# Assessing word embeddings for improving OCR accuracy

I will work on this project with Adnan Fazlinovic. 

Our idea is to compare how different embeddings affect OCR accuracy, similar to the approach taken in this article: https://medium.com/states-title/using-nlp-bert-to-improve-ocr-accuracy-385c98ae174c (Links to an external site.)

We would like to try some embeddings we have learned about in the course, such as CBoW, word2vec, FastText, ELMo, BERT. If we have more time and find other interesting representations online we will evaluate them as well. The idea is to find a baseline OCR accuracy and then exploring if, and how much, this accuracy can be improved by applying word embeddings to the incorrectly scanned words. 

- Probably use a synthetic dataset (read in europarl corpus and corrupt it a bit)
- Richard suggests corrupting it in ways that often happen in OCR, like rn <-> m, i <-> l, cl <-> d 
    - (https://scribenet.com/articles/2016/03/04/how-to-get-the-most-out-of-ocr)
- I think he means we should use a spellchecker to find misspelled words, and check with NER that they are not a name
- Then maybe we don't throw out the misspelled word, it can be useful

It feels like we're mostly making a spell/grammar checking model - that's fine

- Richard thinks that character level embeddings can be useful here
- Evaluation of performance: see what people usually use within OCR. Some ideas:

    - https://www.aclweb.org/anthology/I17-1101.pdf
    - https://loicbarrault.github.io/papers/afli_cicling2015.pdf

In [32]:
import re
import spacy
import numpy as np
from enchant.checker import SpellChecker

spell = SpellChecker("en-UK")
nlp = spacy.load('en_core_web_sm')

#import nltk
#from nltk.corpus import stopwords
#stop = stopwords.words('english')

## Try out spellchecker

In [34]:
spell.check("cat's")

True

In [35]:
spell.suggest("spel")

['spiel',
 'spelt',
 'spell',
 'seel',
 'spec',
 'sped',
 'spew',
 'Opel',
 'sp el',
 'sp-el']

# Read in and corrupt the corpus

Character elision is when letter pairs and individual letters are confused by the software. These types of errors occur any time pairs of letters are shaped similarly to other letters.
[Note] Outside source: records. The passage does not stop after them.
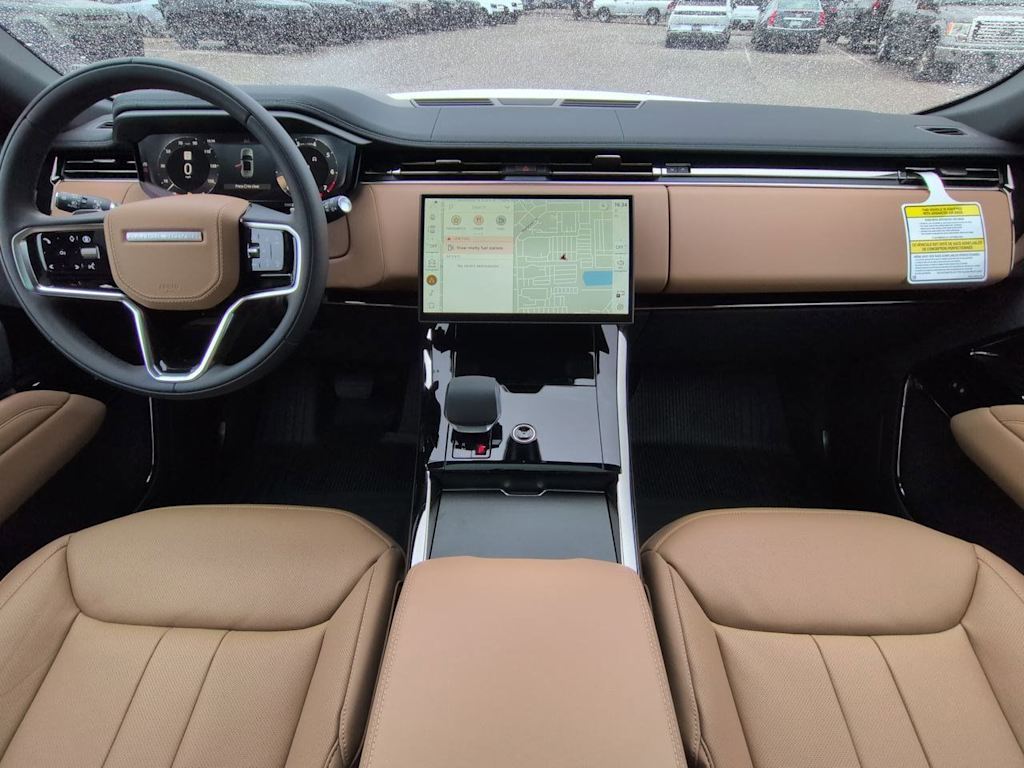 Thumbnail: 2026 Land Rover Range Rover Sport - 10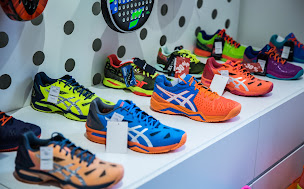 Photo n°5 de Mouratoglou Shop à Biot (Magasin d'articles de sports)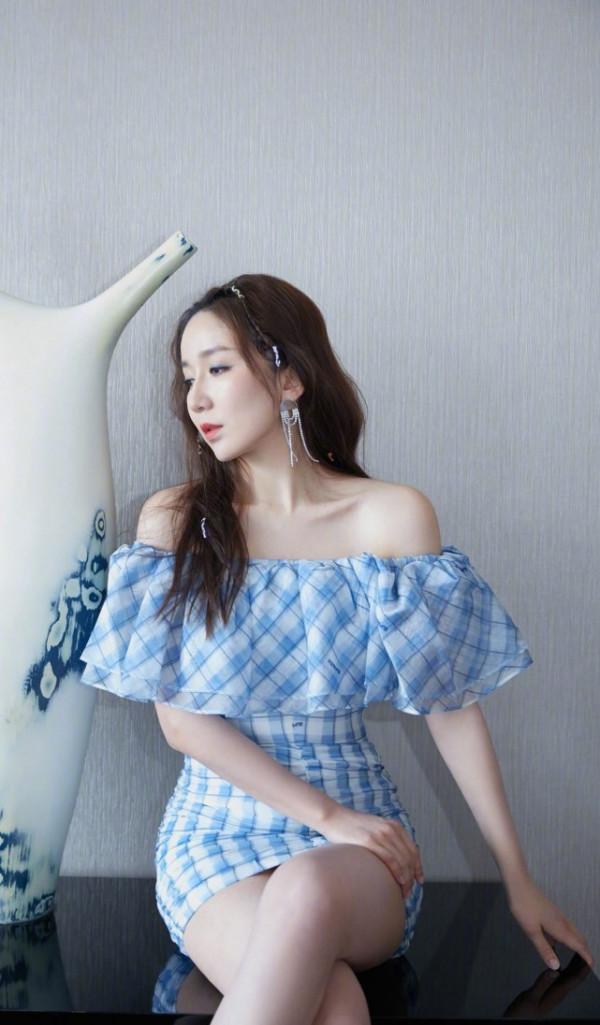 婁藝瀟直播變化大到認不出,整容過度,你還能認得出來嗎 婁藝瀟直播變化大到認不出,整容過度,你還能認得出來嗎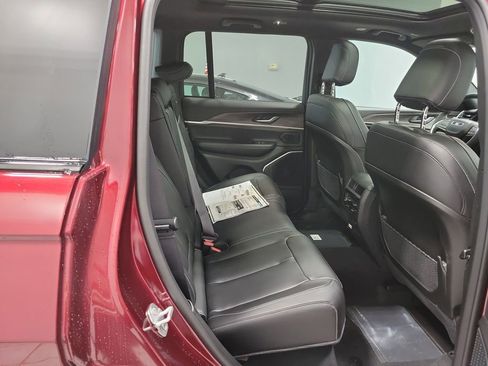 New 2026 Jeep Grand Cherokee Limited w/ Limited Altitude Package image 8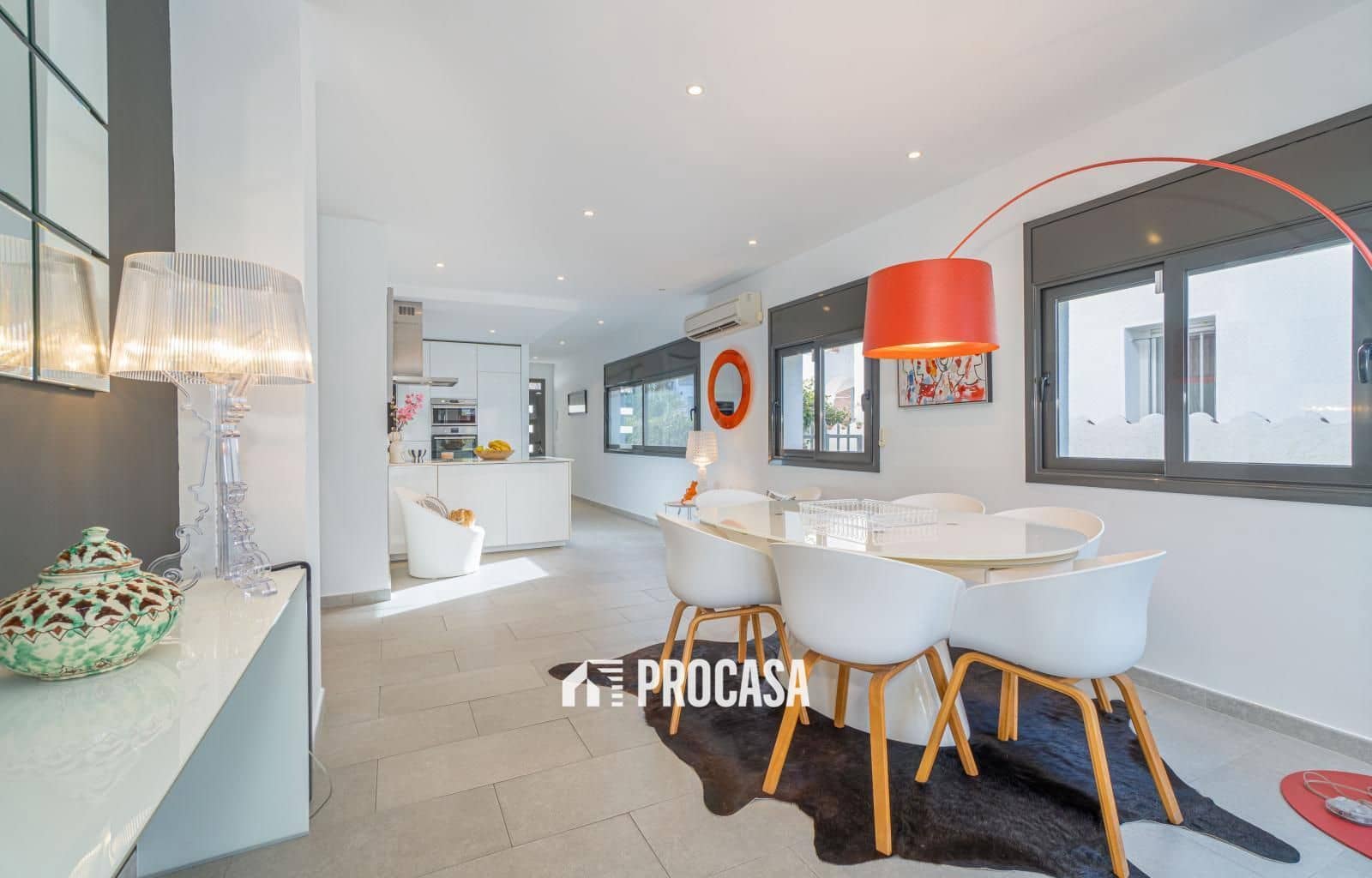 5 bedroom Villa for sale in Empuriabrava with pool garage - € 1,259,000 (Ref: 9412287)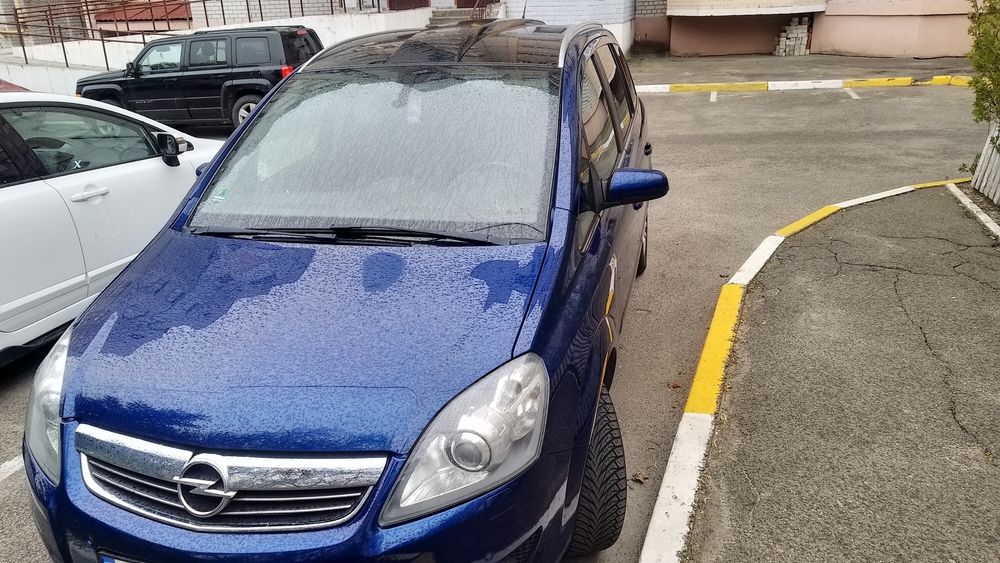 Продам авто Опель Зафіра, 2009 року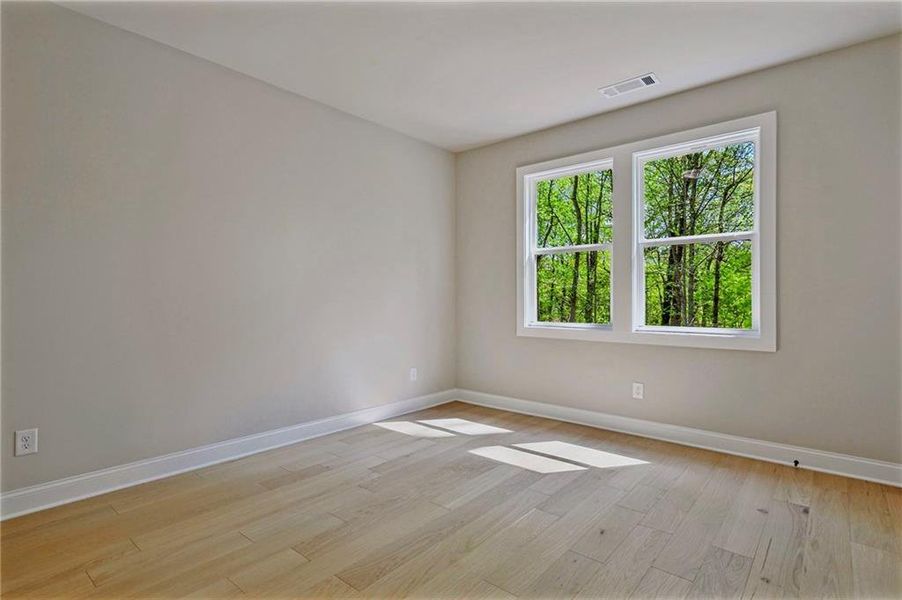 Spacious, unfurnished interior of a new home in , Atlanta (Image 37).
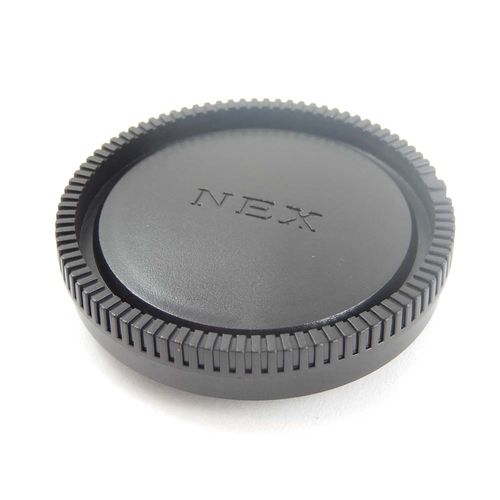 vhbw Bouchon de botier compatible avec Sony Alpha NEX-5R, NEX-6, NEX-7, NEX-C3, NEX-F3, NEX-VG10 appareil photo, APRN - plastique, noir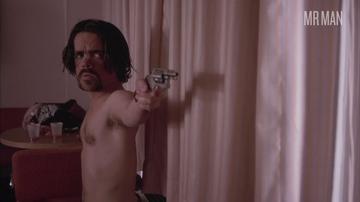 Peter Dinklage in Tiptoes (2003) Shirtless Shirtless 49935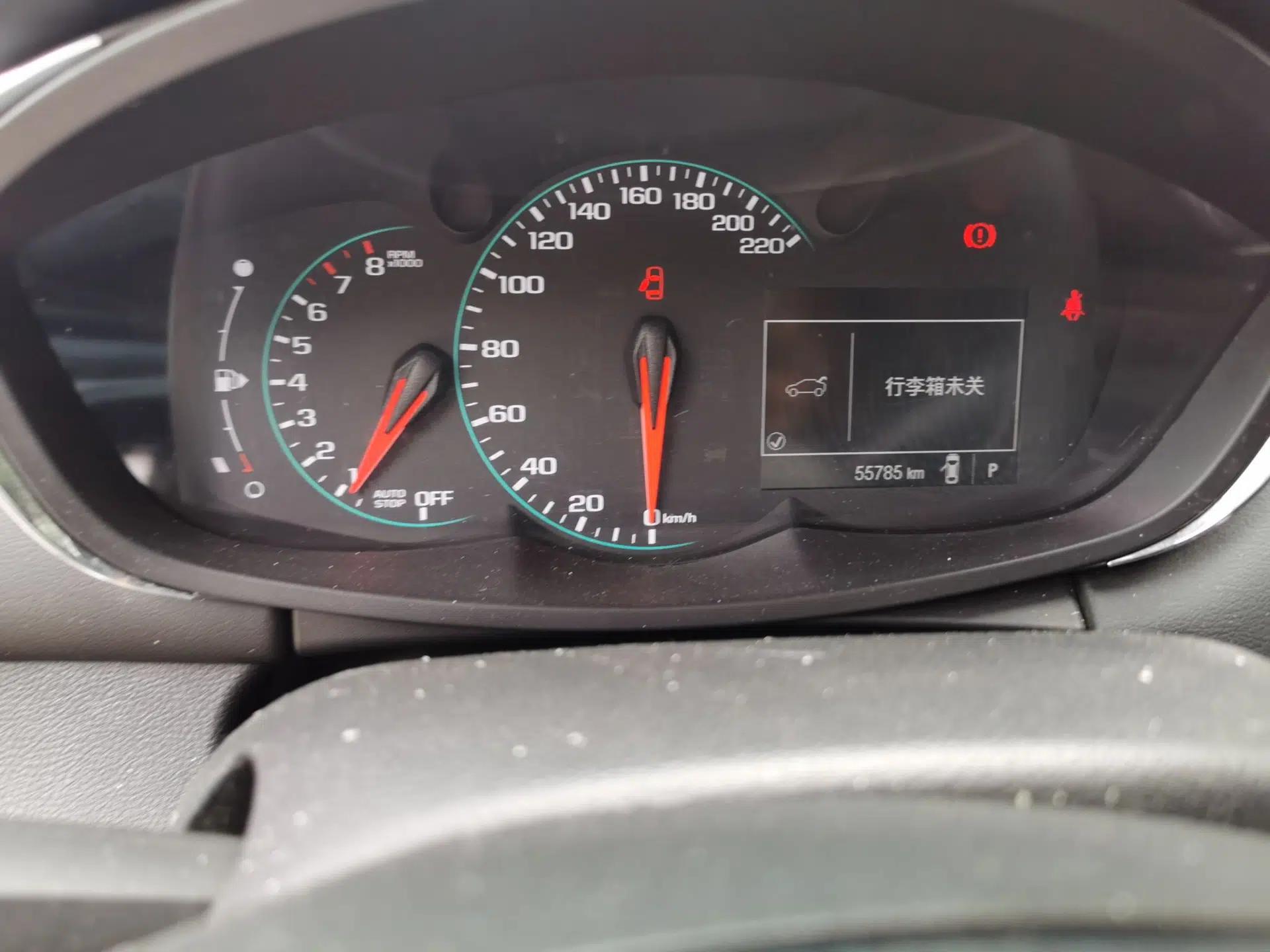 Chevrolet Trax 2018 330T Automatic Two-Wheel Drive Luxury Model — миниатюра 12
Six common pairs are:

rn <-> m, cl <-> d, vv <-> w, ol <-> d, li <-> h, nn <-> m

In [36]:
elisionArray = []
elisionArray.append(['rn', 'm'])
elisionArray.append(['ol', 'd'])
elisionArray.append(['cl', 'd'])
elisionArray.append(['vv', 'w'])
elisionArray.append(['li', 'h'])
elisionArray.append(['nn', 'm'])
elisionArray = np.array(elisionArray)

## An example of how the character elision will be handled

In [108]:
# A test sentence that contains a lot of 'rn' and 'li'
line = "I smilingly scorn this little barn with my lilac yarn and delicious fern"
print(line)

new_line = line
elision_prob = 0.5

# Randomize search order, since some letter pairs overlap 
elisionArray = np.random.permutation(elisionArray)
for pair in elisionArray:
    
    n_errors = 0
    
    for m in re.finditer(pair[0], new_line):
        
        rd = np.random.rand(1)
        if rd < elision_prob:
            
            # Note that the position can't be used later since the line changes length!
            print("--> Replaced ", pair[0], " at position ", m.start(), "")
            
            tmp = list(new_line)
            tmp[m.start()-n_errors:m.end()-n_errors] = "%%"
            new_line = "".join(tmp)
            new_line = new_line.replace("%%", pair[1])
            
            print(new_line)

            # count number of replacements
            n_errors += 1
            
print('-'*80)

# Save location and correct spelling for the corrupted words

line = list(line.split())
new_line = list(new_line.split())

total_errors = 0
ground_truth = []

# This will be the index of a document in the corpus
doc_num = 0     

# This contains the ground truth for each document 
tmp = []

for j in range(len(line)):
    if line[j] != new_line[j]:
        
        total_errors += 1
        tmp.append((j, line[j]))
        
ground_truth.append((doc_num, tmp))
print("Total errors: ", total_errors)
print(ground_truth)

I smilingly scorn this little barn with my lilac yarn and delicious fern
--> Replaced  rn  at position  15 
I smilingly scom this little barn with my lilac yarn and delicious fern
--> Replaced  rn  at position  32 
I smilingly scom this little bam with my lilac yarn and delicious fern
--> Replaced  rn  at position  51 
I smilingly scom this little bam with my lilac yam and delicious fern
--> Replaced  rn  at position  70 
I smilingly scom this little bam with my lilac yam and delicious fem
--> Replaced  li  at position  5 
I smihngly scom this little bam with my lilac yam and delicious fem
--------------------------------------------------------------------------------
Total errors:  5
[(0, [(1, 'smilingly'), (2, 'scorn'), (5, 'barn'), (9, 'yarn'), (12, 'fern')])]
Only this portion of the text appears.